What separates training methods that scale from those that don't?

![Test accuracy by method and strength, CIFAR-10](effects.png)

Across 61,000 configurations on CIFAR, batch normalization, orthogonalized updates, and ASAM help at every data
scale with no sign of diminishing returns. Dropout and random weight perturbation are neutral to mildly helpful
only at low strength, and the threshold drops as task complexity rises.

BN [orthogonalizes representations](https://arxiv.org/abs/2106.03970), and Muon orthogonalizes parameter
updates. Both [steer the optimization](https://arxiv.org/abs/1805.11604) without restricting what the network
can learn. In the tested range, their effect does not reverse, and it grows with task complexity.

Dropout restricts the network during training. At low rates, the restriction is cheap. At high rates, the cost
scales with task complexity.

![Test accuracy by method and strength, CIFAR-100](effects_c100.png)

The same pattern holds on CIFAR-100, where dropout is at best neutral at the lowest tested scales and negative
after that. Methods that steer do not reverse in the tested range.

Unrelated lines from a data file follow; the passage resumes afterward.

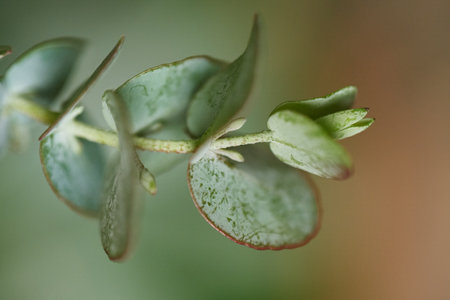 One branch with green leaves on dark background. Green eucalyptus leaves. Close up, fresh grass, decorative plant, natural floral design, agriculture symbol or ecology icon. High quality photoの写真素材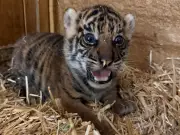 Berliner Tierpark sucht Namen für neugeborenes Sumatra-Tiger-Weibchen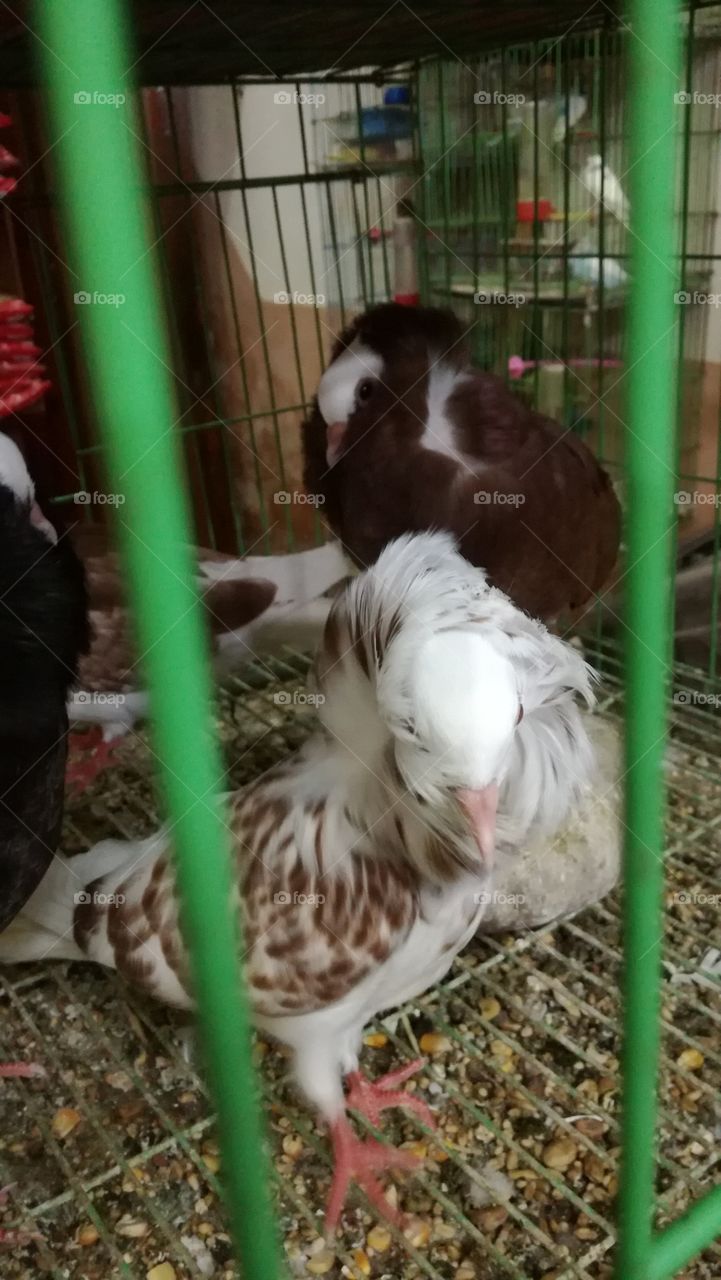 my best birds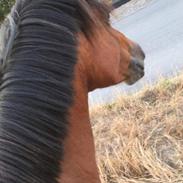 Anden særlig race Cassie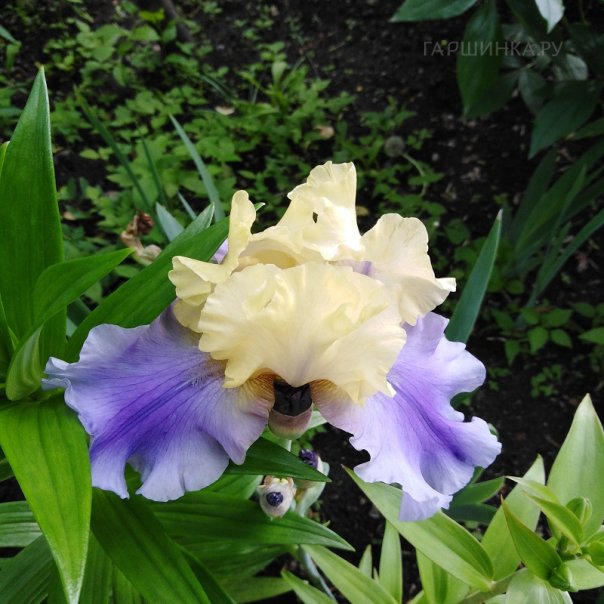 превью изображения отзыва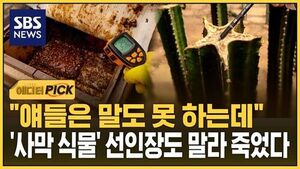 폭염 농가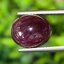 พลอย ทับทิม (Ruby Sapphire) 5.98 กะรัต (Cts.) ดิบ พลอยแท้ อัญมณีมงคลประจําวันเกิด เครื่องประดับพลอย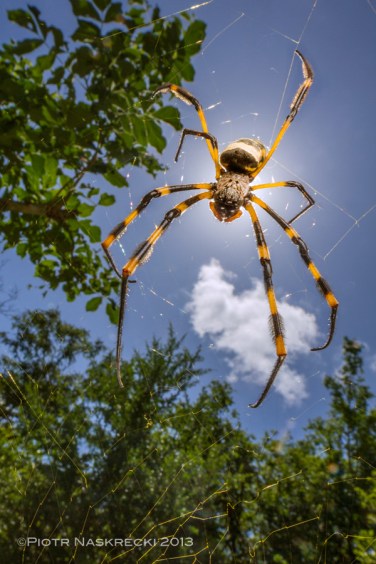 Banded-legged golden orb weaver (Nephila senegalensis) from Gorongosa [Canon 7D, Canon 14mm, Canon MT 24EX twin light]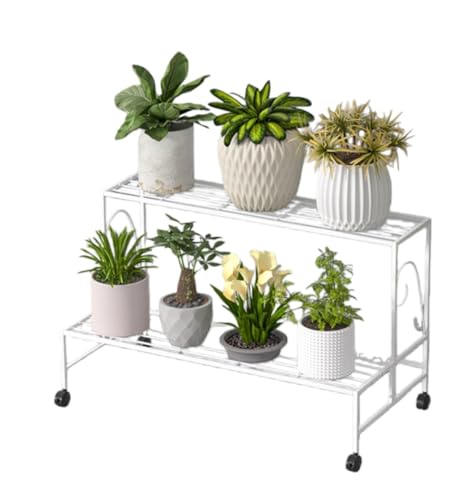 HeartTrend iSKit[X^h oRj[rOu[I T{eAؔ ƒpK[fΐAԒI (zCg,80*40*44cm,ԗ֕t)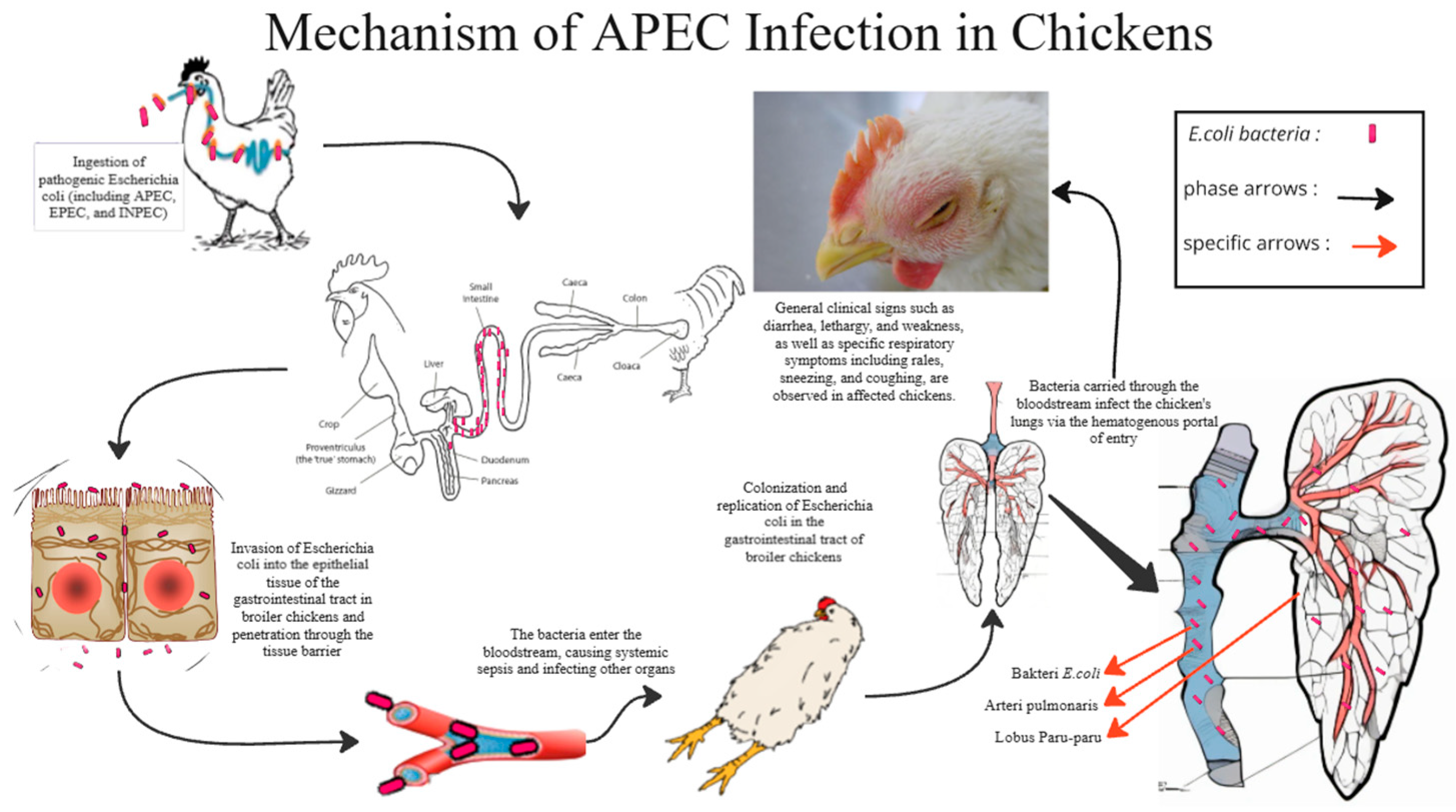 Vetsci 12 00726 g005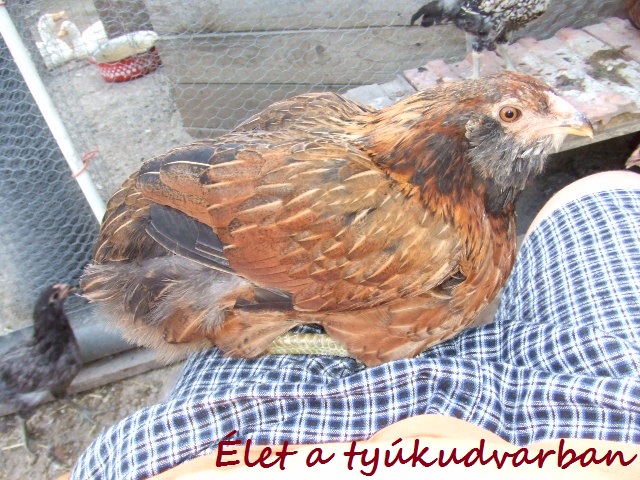 dscf8193.JPG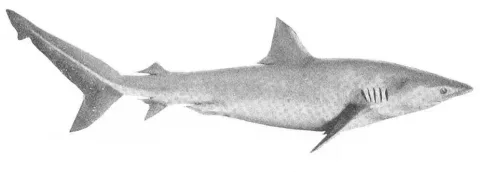 Copper shark — Wikimedia Commons / Public domain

Methods that shrink do, and the reversal
moves earlier as complexity rises.

Large-scale training [moved away from dropout](https://aclanthology.org/2025.findings-acl.111/), and this sweep
suggests why.

What separates methods that scale is whether they steer or shrink.

---

[Benchmark](https://github.com/ClashLuke/clashluke.github.io/tree/main/content/posts/generalization), 68K sampled configs, 61K completed.